Monday, May 17, 2010


Whenever I come home after having spent time out of my site, my host family tells me I am being "vaga", which means something like "vagabond". This month I have been extra-vaga. Between my mid-service medical and dental exams (no cavities this year), a workshop on program design, and the fact that I'm participating in the new Ag group's training activities, I have not been in my site for a full week since mid-April.

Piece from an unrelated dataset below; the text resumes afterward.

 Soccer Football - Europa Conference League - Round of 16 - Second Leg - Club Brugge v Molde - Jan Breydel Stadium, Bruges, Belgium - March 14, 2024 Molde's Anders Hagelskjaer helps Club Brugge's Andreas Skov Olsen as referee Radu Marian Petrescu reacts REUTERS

I mention all of this in part to explain why I haven't been keeping up with this blog. But it's also an interesting reflection of Nicaraguan rural culture that people are not used to the kind of constant motion that North Americans are. There are many people in my town who have never traveled farther from home than the two major cities that are two hours in either direction from where we live. Many have never seen the ocean or any of Nicaragua's natural and cultural wonders. To me, it's mind-boggling to think that there are people who leave our tiny community of 700 people no more than a couple of times a year.

In two weeks I'll be heading back to the US for my first visit since I started this adventure. I wonder how it will feel to be back in what Thomas Friedman calls "the fast world" after having spent a full year here where things move at a much slower pace.